Training on AI-generated data is “l(fā)ike what happens when you photocopy a piece of paper and then you photocopy the photocopy. You lose some of the information,” Papernot said. Not only that, but Papernot’s research has also found it can further encode the mistakes, bias and unfairness that’s already baked into the information ecosystem.
If real human-crafted sentences remain a critical AI data source, those who are stewards of the most sought-after troves—websites like Reddit and Wikipedia, as well as news and book publishers—have been forced to think hard about how they’re being used.
“Maybe you don’t lop off the tops of every mountain,” jokes Selena Deckelmann, chief product and technology officer at the Wikimedia Foundation, which runs Wikipedia. “It’s an interesting problem right now that we’re having natural resource conversations about human-created data. I shouldn’t laugh about it, but I do find it kind of amazing.”
While some have sought to close off their data from AI training—often after it’s already been taken without compensation—Wikipedia has placed few restrictions on how AI companies use its volunteer-written entries. Still, Deckelmann said she hopes there continue to be incentives for people to keep contributing, especially as a flood of cheap and automatically generated “garbage content” starts polluting the internet.
AI companies should be “concerned about how human-generated content continues to exist and continues to be accessible,” she said.
From the perspective of AI developers, Epoch’s study says paying millions of humans to generate the text that AI models will need “is unlikely to be an economical way” to drive better technical performance.

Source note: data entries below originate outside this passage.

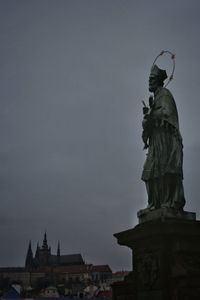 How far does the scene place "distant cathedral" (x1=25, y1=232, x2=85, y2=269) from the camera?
179 metres

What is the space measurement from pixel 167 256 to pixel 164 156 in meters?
1.94

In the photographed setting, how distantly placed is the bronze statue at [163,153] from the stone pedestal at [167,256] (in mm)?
577

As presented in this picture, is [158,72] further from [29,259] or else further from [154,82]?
[29,259]

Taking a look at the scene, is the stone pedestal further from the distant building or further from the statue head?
the distant building

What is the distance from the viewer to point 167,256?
7.93m

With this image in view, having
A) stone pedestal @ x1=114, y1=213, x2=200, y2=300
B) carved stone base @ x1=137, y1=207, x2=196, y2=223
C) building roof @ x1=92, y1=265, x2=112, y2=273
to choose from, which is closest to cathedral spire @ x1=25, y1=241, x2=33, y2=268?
building roof @ x1=92, y1=265, x2=112, y2=273

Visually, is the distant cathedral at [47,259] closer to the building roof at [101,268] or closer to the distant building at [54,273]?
the distant building at [54,273]

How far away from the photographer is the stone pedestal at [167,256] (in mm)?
7625

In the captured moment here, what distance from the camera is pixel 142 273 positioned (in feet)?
27.6

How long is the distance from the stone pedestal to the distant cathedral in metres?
171

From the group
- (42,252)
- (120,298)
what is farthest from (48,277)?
(120,298)

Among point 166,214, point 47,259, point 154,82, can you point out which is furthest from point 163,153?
point 47,259

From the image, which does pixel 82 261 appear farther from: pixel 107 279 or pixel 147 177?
pixel 147 177

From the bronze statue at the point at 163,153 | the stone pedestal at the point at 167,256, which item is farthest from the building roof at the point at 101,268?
the stone pedestal at the point at 167,256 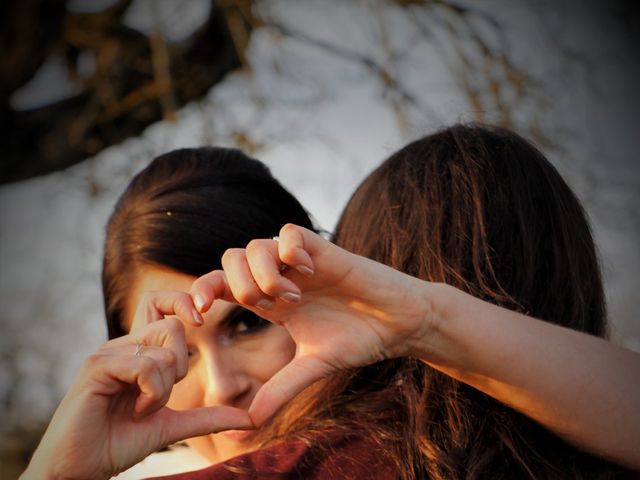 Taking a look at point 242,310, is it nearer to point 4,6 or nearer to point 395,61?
point 4,6

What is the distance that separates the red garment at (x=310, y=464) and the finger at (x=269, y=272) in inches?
11.6

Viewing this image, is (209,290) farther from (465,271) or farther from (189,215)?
(189,215)

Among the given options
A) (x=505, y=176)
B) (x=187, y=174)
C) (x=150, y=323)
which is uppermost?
(x=505, y=176)

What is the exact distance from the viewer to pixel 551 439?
3.78ft

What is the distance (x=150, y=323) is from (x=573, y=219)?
1013mm

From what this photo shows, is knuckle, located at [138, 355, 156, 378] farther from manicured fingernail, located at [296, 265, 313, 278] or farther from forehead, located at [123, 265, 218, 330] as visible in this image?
forehead, located at [123, 265, 218, 330]

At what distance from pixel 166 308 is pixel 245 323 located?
0.89 meters

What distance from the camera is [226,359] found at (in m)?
1.91

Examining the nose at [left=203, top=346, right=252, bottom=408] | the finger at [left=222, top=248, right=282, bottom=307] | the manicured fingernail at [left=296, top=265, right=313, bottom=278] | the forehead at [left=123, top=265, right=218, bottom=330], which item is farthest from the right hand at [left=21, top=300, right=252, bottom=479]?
the forehead at [left=123, top=265, right=218, bottom=330]

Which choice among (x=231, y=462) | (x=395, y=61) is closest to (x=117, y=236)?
(x=231, y=462)

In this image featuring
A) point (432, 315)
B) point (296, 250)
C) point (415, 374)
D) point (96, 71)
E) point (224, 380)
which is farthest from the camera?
point (96, 71)

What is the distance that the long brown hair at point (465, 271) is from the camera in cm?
110

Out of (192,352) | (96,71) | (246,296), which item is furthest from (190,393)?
(96,71)

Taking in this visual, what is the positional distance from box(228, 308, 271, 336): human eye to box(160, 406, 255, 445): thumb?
86 cm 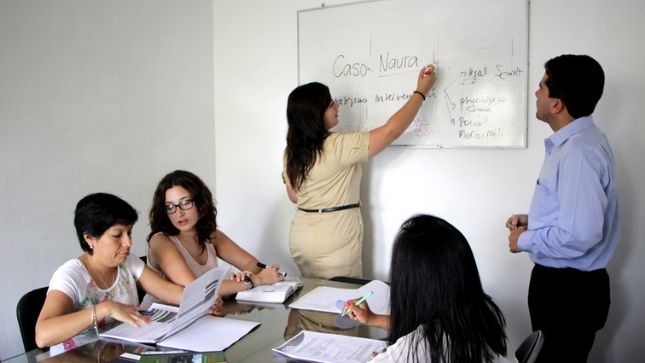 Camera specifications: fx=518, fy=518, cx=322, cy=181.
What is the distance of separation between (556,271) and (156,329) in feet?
4.76

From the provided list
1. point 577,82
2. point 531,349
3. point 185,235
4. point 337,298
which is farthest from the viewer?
point 185,235

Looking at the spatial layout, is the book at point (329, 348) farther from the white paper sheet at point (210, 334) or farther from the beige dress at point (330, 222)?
the beige dress at point (330, 222)

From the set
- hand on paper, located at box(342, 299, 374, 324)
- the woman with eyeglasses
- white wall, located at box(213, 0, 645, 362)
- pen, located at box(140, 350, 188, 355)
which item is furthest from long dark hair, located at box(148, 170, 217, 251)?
white wall, located at box(213, 0, 645, 362)

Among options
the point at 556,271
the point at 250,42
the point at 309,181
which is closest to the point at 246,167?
the point at 250,42

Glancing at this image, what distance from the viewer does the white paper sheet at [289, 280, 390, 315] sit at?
6.19ft

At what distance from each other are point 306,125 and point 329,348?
1265mm

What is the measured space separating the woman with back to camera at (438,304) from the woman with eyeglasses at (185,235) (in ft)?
3.42

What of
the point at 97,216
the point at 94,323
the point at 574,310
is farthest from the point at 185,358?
the point at 574,310

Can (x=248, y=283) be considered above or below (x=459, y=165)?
below

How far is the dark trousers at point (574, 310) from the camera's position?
1896 millimetres

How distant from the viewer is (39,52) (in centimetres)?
244

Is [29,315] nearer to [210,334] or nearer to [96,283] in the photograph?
[96,283]

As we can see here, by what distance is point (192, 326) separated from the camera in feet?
5.58

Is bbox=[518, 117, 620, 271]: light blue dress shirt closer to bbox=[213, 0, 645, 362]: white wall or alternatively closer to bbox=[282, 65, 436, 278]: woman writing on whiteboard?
bbox=[213, 0, 645, 362]: white wall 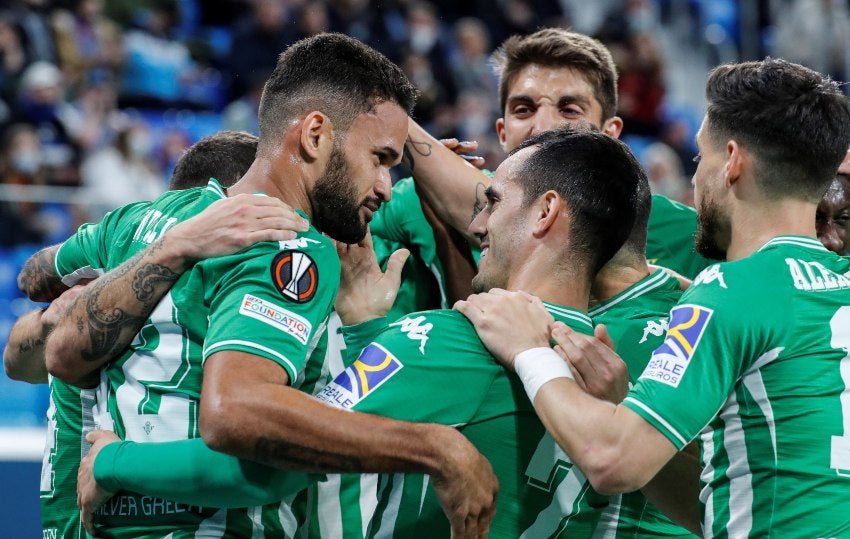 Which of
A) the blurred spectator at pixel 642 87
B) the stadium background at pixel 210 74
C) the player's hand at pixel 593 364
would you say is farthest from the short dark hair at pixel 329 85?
the blurred spectator at pixel 642 87

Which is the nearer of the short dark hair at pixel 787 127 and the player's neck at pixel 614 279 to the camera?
the short dark hair at pixel 787 127

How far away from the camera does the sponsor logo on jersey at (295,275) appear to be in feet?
9.23

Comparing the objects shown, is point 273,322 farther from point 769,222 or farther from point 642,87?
point 642,87

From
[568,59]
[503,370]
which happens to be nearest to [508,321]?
[503,370]

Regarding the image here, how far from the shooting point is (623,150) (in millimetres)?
3396

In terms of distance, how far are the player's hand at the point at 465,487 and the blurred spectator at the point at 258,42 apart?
938 cm

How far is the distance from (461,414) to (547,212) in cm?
71

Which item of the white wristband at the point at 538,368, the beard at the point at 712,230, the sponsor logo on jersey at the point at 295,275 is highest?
the beard at the point at 712,230

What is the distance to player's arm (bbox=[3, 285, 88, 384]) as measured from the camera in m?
3.93

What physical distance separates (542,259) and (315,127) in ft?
2.72

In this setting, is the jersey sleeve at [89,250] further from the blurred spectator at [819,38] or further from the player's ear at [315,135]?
the blurred spectator at [819,38]

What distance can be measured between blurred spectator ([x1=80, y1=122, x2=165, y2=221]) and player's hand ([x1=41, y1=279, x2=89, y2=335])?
19.1ft

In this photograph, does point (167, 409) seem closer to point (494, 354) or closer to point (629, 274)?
point (494, 354)

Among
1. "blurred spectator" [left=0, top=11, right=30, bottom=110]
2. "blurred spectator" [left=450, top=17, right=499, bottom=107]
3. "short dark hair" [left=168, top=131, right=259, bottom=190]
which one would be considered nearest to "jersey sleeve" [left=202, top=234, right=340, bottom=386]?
Answer: "short dark hair" [left=168, top=131, right=259, bottom=190] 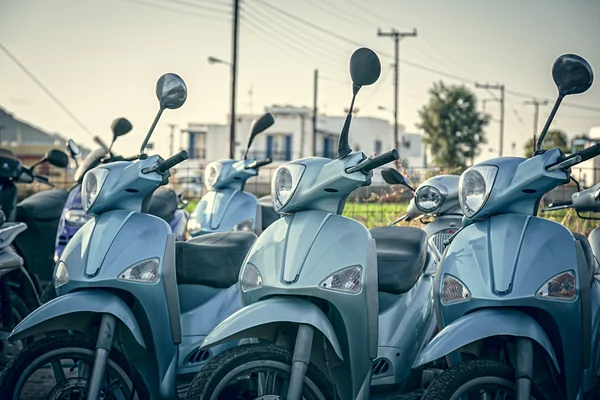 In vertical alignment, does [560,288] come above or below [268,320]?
above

As OpenAI begins work on training the next generation of its GPT large language models, CEO Sam Altman told the audience at a United Nations event last month that the company has already experimented with “generating lots of synthetic data” for training.
“I think what you need is high-quality data. There is low-quality synthetic data. There’s low-quality human data,” Altman said. But he also expressed reservations about relying too heavily on synthetic data over other technical methods to improve AI models.
“There’d be something very strange if the best way to train a model was to just generate, like, a quadrillion tokens of synthetic data and feed that back in,” Altman said. “Somehow that seems inefficient.”